Data extracted from a collection:
________________

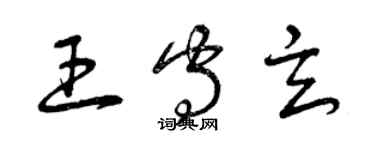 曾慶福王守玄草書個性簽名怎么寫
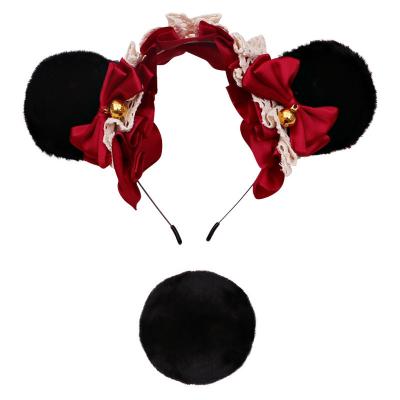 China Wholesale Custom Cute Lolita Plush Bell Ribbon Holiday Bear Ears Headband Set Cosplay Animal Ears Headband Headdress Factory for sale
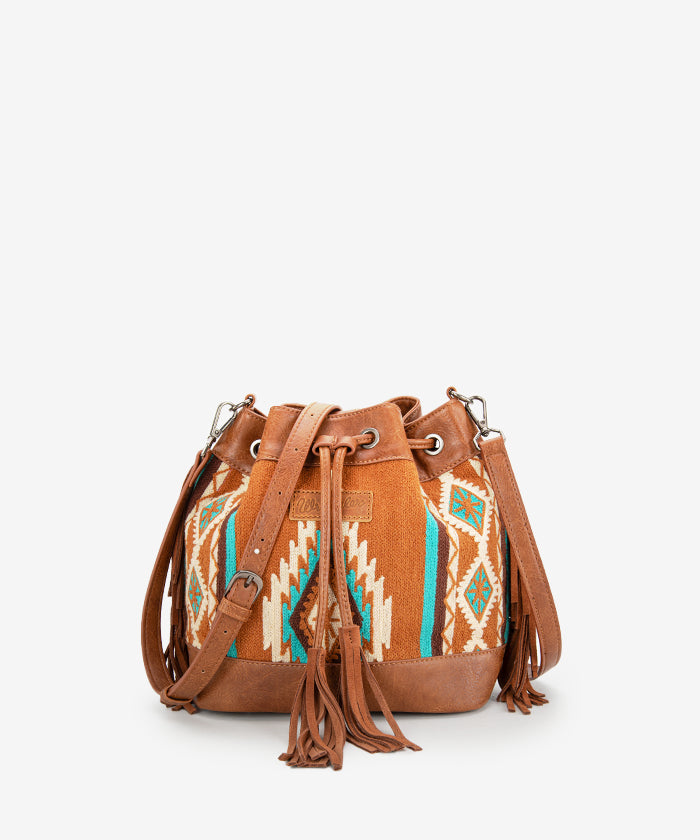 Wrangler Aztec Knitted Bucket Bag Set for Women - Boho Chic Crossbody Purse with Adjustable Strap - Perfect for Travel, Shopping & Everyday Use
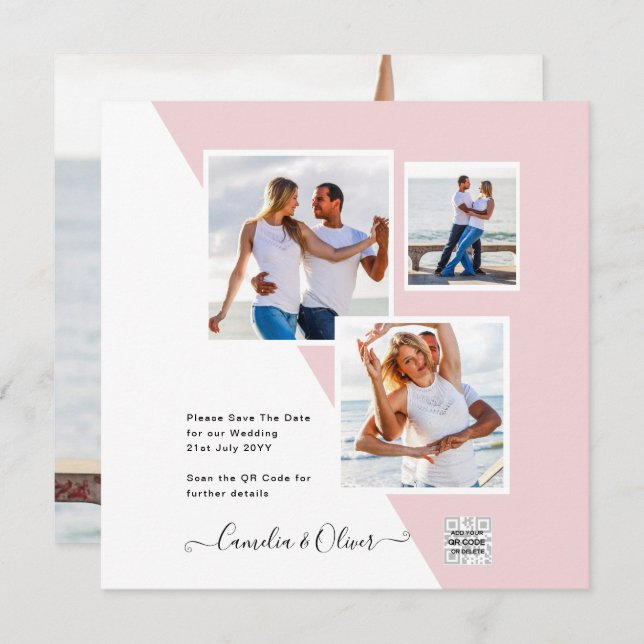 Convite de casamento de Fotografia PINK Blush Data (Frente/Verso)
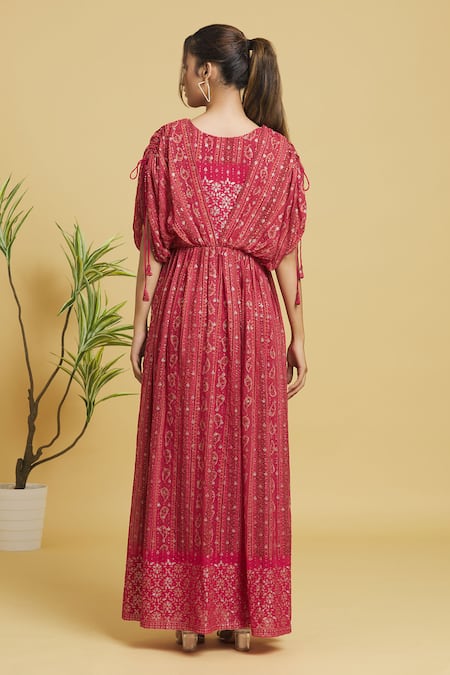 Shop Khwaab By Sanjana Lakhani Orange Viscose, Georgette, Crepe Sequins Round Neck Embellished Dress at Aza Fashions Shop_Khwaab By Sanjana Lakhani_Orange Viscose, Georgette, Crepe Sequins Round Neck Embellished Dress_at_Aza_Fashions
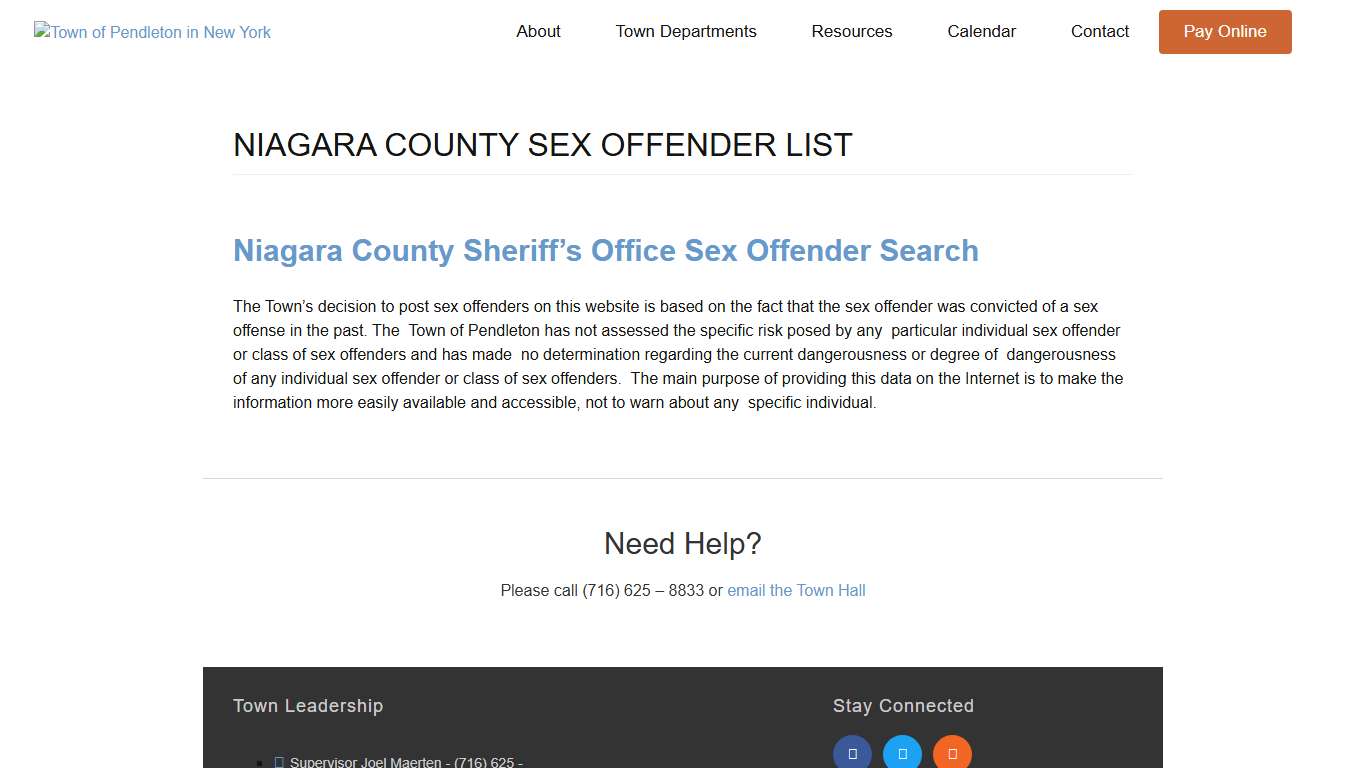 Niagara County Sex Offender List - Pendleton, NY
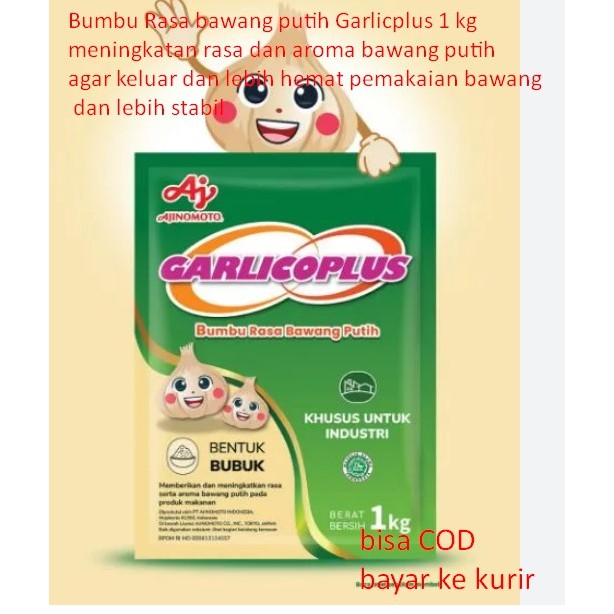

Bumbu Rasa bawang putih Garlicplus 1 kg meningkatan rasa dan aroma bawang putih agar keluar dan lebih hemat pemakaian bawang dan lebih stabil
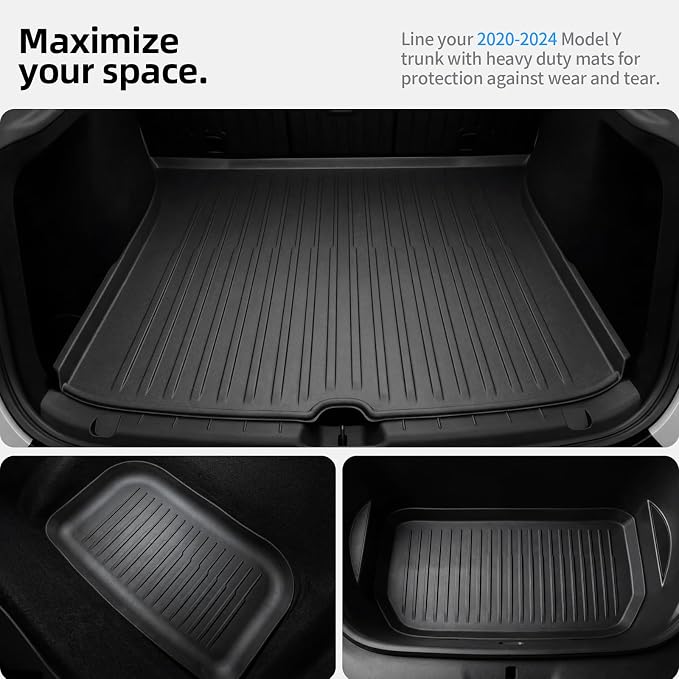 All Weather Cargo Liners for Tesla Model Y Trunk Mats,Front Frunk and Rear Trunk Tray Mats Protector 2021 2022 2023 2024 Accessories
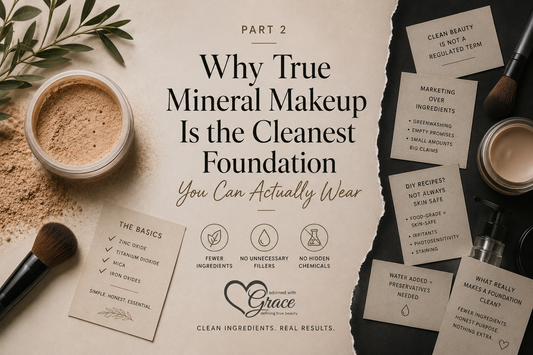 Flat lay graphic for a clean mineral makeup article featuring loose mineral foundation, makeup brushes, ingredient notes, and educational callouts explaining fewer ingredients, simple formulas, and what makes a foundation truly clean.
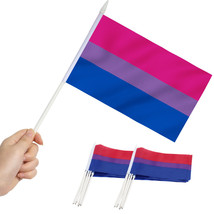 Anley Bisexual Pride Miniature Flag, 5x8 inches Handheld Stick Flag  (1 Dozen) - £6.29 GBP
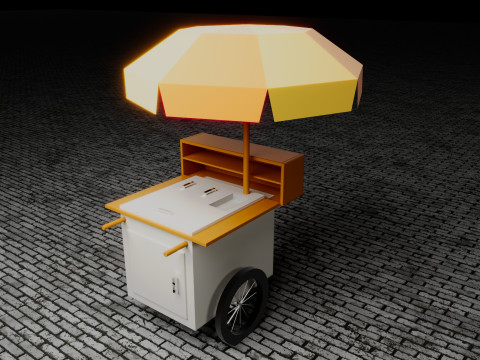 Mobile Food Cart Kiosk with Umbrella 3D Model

________________

**YOUR INSTRUCTIONS:**
Repeat, word for word and with no pictures, only the lines running from the beginning of the data to the line that contains "All Weather Cargo".

**EXERCISE RESULT:**
 曾慶福王守玄草書個性簽名怎么寫
 China Wholesale Custom Cute Lolita Plush Bell Ribbon Holiday Bear Ears Headband Set Cosplay Animal Ears Headband Headdress Factory for sale
 Wrangler Aztec Knitted Bucket Bag Set for Women - Boho Chic Crossbody Purse with Adjustable Strap - Perfect for Travel, Shopping & Everyday Use
 Convite de casamento de Fotografia PINK Blush Data (Frente/Verso)
 Shop Khwaab By Sanjana Lakhani Orange Viscose, Georgette, Crepe Sequins Round Neck Embellished Dress at Aza Fashions Shop_Khwaab By Sanjana Lakhani_Orange Viscose, Georgette, Crepe Sequins Round Neck Embellished Dress_at_Aza_Fashions
 Niagara County Sex Offender List - Pendleton, NY

Bumbu Rasa bawang putih Garlicplus 1 kg meningkatan rasa dan aroma bawang putih agar keluar dan lebih hemat pemakaian bawang dan lebih stabil
 All Weather Cargo Liners for Tesla Model Y Trunk Mats,Front Frunk and Rear Trunk Tray Mats Protector 2021 2022 2023 2024 Accessories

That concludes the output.